It’s been a rough day for Uber’s overseas operations.
On Wednesday morning, a German court ruled that Uber was violating certain commercial passenger laws with its UberPOP service, which allows drivers to shuttle riders around without requiring the drivers to be professionally licensed. Each violation of the law, the court ruled, would be punishable with a €250,000 fine, or roughly $266,000.
UberBlack and UberTaxi are not affected by this decision, as both of those services use professional drivers. But the problem with UberPOP in Germany may be deeper than just closing a simple loophole; as German judge Joachim Nickel said, “In terms of constitutional and European law the business model is not approvable.”
Elsewhere on the continent, more than two dozen armed police officers raided Uber’s office in France on Wednesday morning, seizing cell phones and emails from the company’s workers, according to TheNextWeb. The report quotes an Uber official as saying, “the exact reason for this visit remains unclear,” but it’s likely that the raid has something to do with the enforcement of Loi Thévenoud, a law that went into effect at the start of 2015. The law regulates taxis and VTCs (verified travel consultants) to make sure they are properly licensed.
Uber has been in legal limbo in France for years. In January of this year, aFrench court ruled that it would not ban UberPOP, despite the passage of Loi Thévenoud. But today’s raid comes just days after the country highlighted two main provisions of the law that UberPOP appears to violate. Uber’s other services, however, remain legal in France.
“UberPOP is a service that doesn’t respect national regulation when it comes to insurance, social rights for drivers, and protection for consumers,”Axelle Lemaire, France’s Deputy Minister for the Digital Sector, told Fusion earlier this month. “But Uber as a platform where it’s easy for consumers to find an efficient and high quality service is welcome in France.”
Thousands of miles away from Paris, Uber also caught some bad news in South Korea. This morning, police in Seoul arrested several local Uber workers, and seized more than 400 pieces of evidence from the company’s offices. South Korea has been warring with Uber for months: last year, there was an a warrant issued for the arrest of Uber’s CEO, Travis Kalanick, for running an operation that violates the country’s transportation laws.
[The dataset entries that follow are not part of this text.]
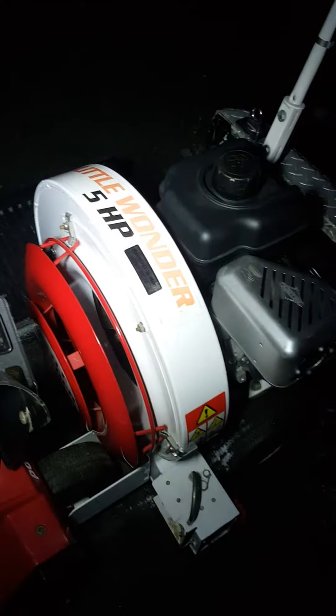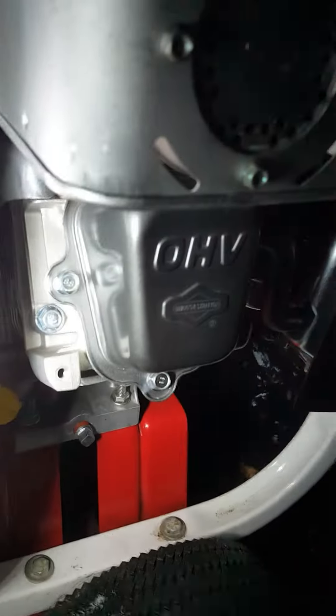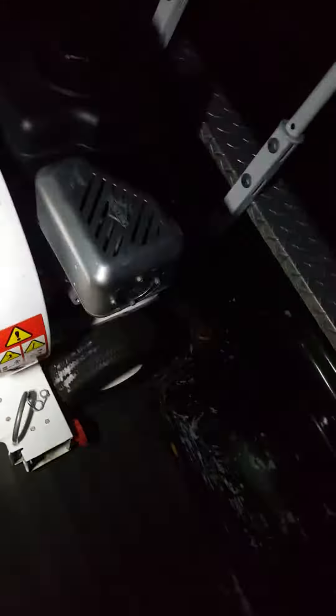This is a Little Wonder leaf blower that I put a new motor on back in the summer. It came back in the fall once it got cooler with a no-start condition. I looked it over and was able to get it to start, but it wasn't easy — you really have to lay into the pull start on this thing to get that flywheel going. It just seems unusually hard to start and you have to fight with the choke.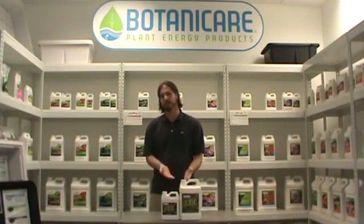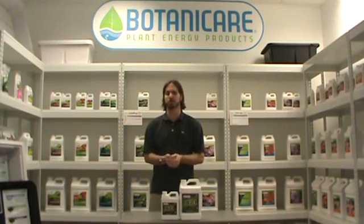Hi, I'm Scott with Botanicare, and I'm here today to talk about Fulvix. Fulvix is a supplement used to help with the absorption of nutrients. This is an OMRI-listed product that contains over 72 trace minerals.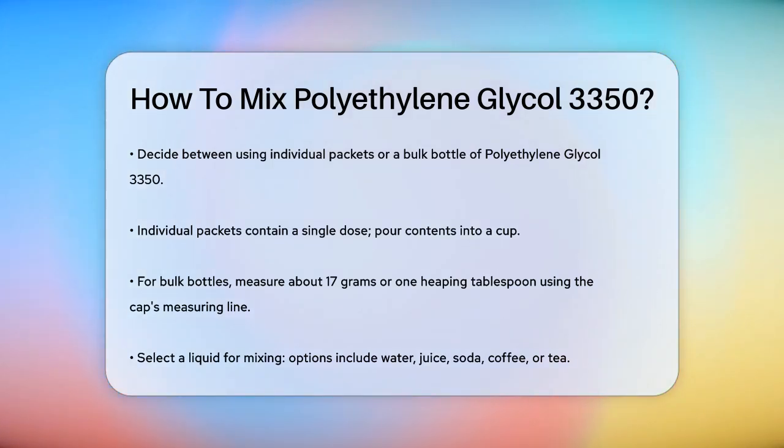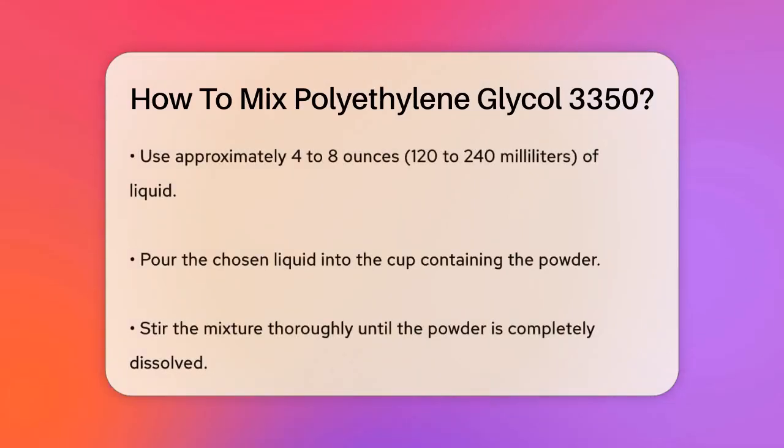First, you'll need to decide whether you're using the individual packets or the bulk bottle. If you're using packets, each one contains a single dose, so you just need to pour the contents into a cup. For the bulk bottle, use the measuring line on the bottle cap to measure out the right amount, which is usually about 17 grams, or 1 heaping tablespoon.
Today’s Seoul raid is the latest aggression against Uber, which is being accused of breaking Korean laws, which prevent unregistered transportation services. Uber had previously suspended its Seoul UberX operations while it tried to bring them into compliance with local laws. It then began offering free rides in Seoul, which may have angered local officials, even if it delighted customers.
“Uber’s service is used worldwide, but most of its cars and drivers are unlicensed,” a spokesperson for Seoul District Police told ZDNet. “It disturbs the cab industry, and they are not paying any taxes because there are no proper taxation processes in place.”
With all of these global battles unfolding simultaneously, it’s no wonder that Uber’s war chest needs to be so large. Uber “campaign manager” David Plouffe might want to brush up on his Rosetta Stone.